Torah Ecology: Vaera (Ex. 6:2 – 9:35) and Bo (Ex. 10:1 – 13:16)

I began my Torah Ecology project with this pair of Torah portions a year ago shortly after and because of the election of Donald Trump to the presidency. I mention that because today is one day after Trump once again showed us his deformed values in a particularly vulgar way with his comments about Nigeria and Haiti.
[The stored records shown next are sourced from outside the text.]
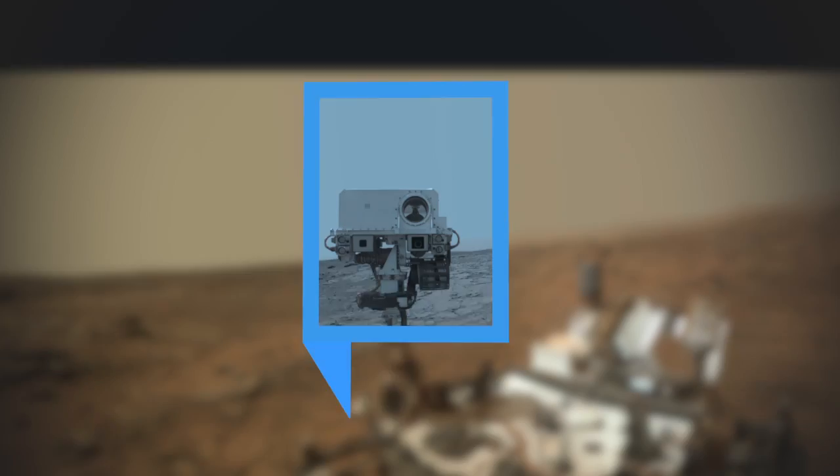The rest of SOFIA's observations will continue through July. The plane is expected to return to its home airport in California on July 24th. For Newsy, I'm Kate Grumke.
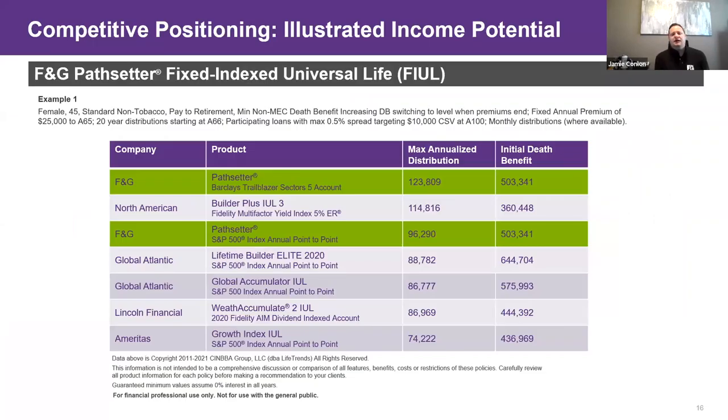A question came in about loan crediting. On a fixed loan, the loaned amount does not receive any crediting. On a variable loan, think of it as a ghost account: say you have $10,000 loaned out at 5% charge and you get a 10% index return — that $10,000 receives a net 5% credit (10 minus 5), while all other dollars receive the full 10% credit. So variable loans do receive crediting over and above the charge rate; fixed loans do not receive any crediting.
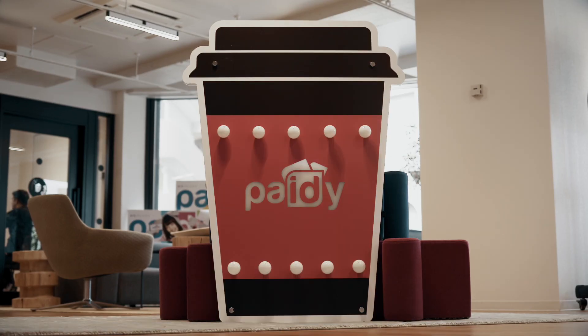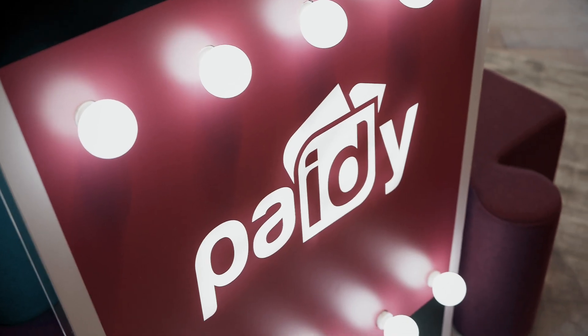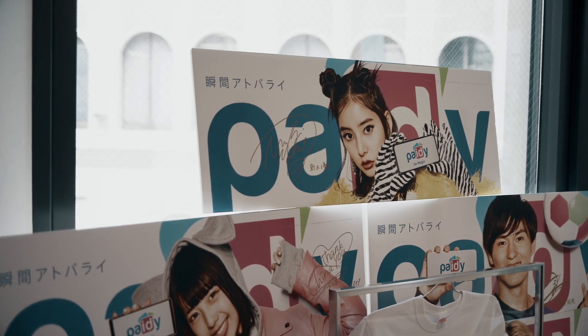Instacluster at its core is about helping organizations deal with the complexities of running production data services in the cloud at scale. Instacluster is the open source as a service company delivering reliability at scale for core data layer technologies like Apache Cassandra and Apache Kafka in their pure open source format. For our customers like PayD, they can focus on building cutting edge applications, accelerating time to market without the need to invest in costly specialist operation teams, while delivering expertise and tooling in these technologies.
In my opinion, this pair of portions speaks directly to the Sitz im Leben in which we find ourselves in the United States today, inching toward destruction of the planet, of ourselves as a nation, of our neighbors and of other creatures who share the planet with us. The root of that destruction is our own failure to create a just and compassionate society, and for me, this president, while not wholly responsible for that failure, symbolizes it.

My project focuses on relationships — between ha-Aretz (the land), ha-Shamayim (the heavens) and ha-Yamim (the seas), that is, the environment, and all that lives in the environment. It also deals with relationships between human beings,  bein Adam l’havero — and with how those relationships impact both the environment and other life in it.
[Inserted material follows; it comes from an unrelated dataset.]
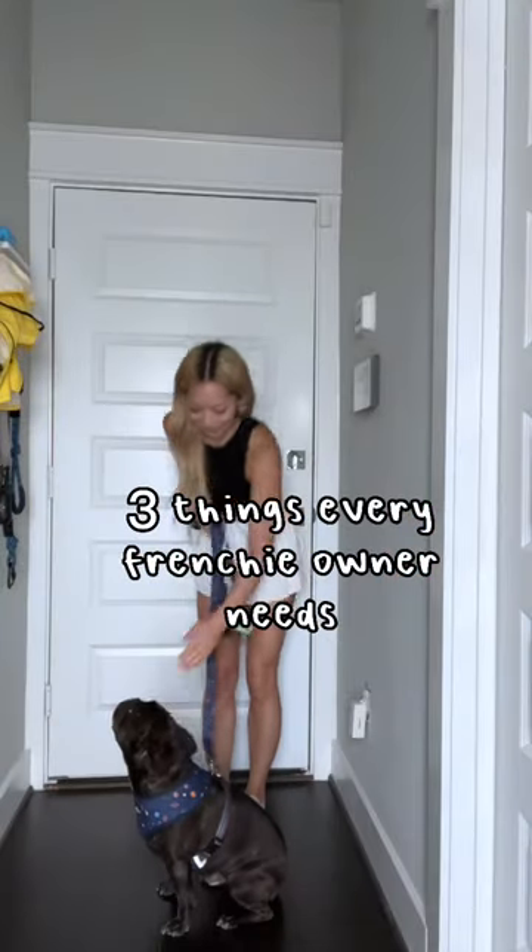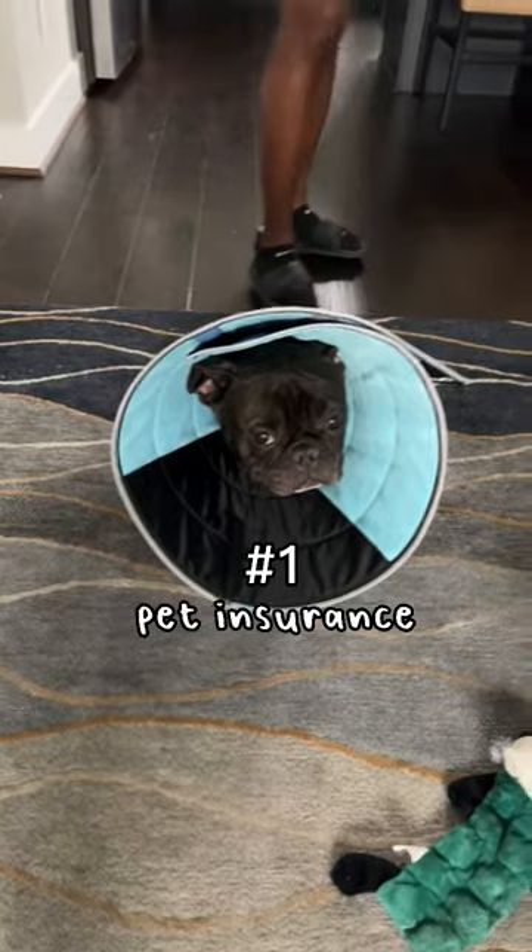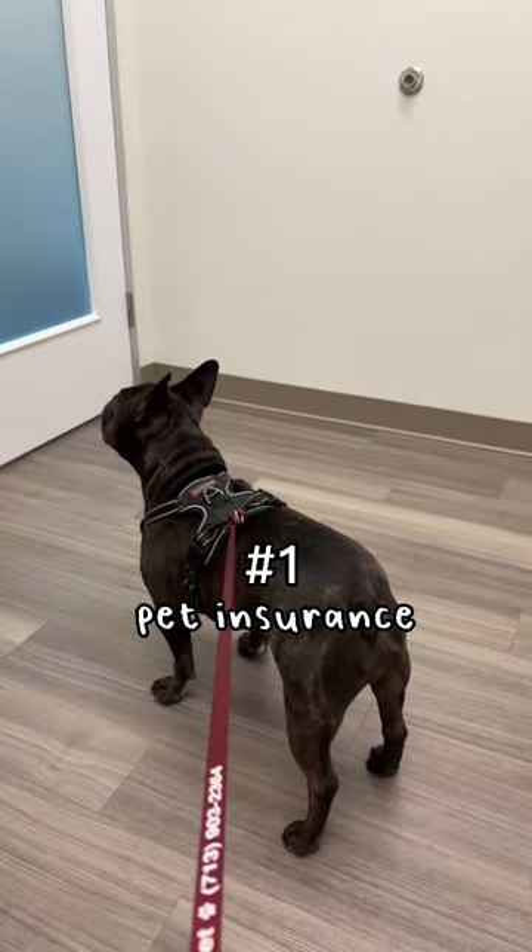Here are three things literally every French Bulldog owner needs. Please, I am begging you to get your Frenchie pet insurance, even if they're a bit older or a rescue.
In a sense, in the biblical story, these earthly relationships come to take precedence over the connection bein Adam la-Makom (between human beings and G-d) — if only because failed relationships within creation indicate a failed relationship with Transcendence.

The biblical story looks toward the creation of a just and compassionate society. To the extent that is not effected, rain will not fall, and crops will not grow. Ultimately the land will “vomit out” its inhabitants. Other life on the planet succeeds and fails as human beings succeed and fail, and success and failure is measured by the extent to which human societies establish justice and are compassionate toward their most vulnerable.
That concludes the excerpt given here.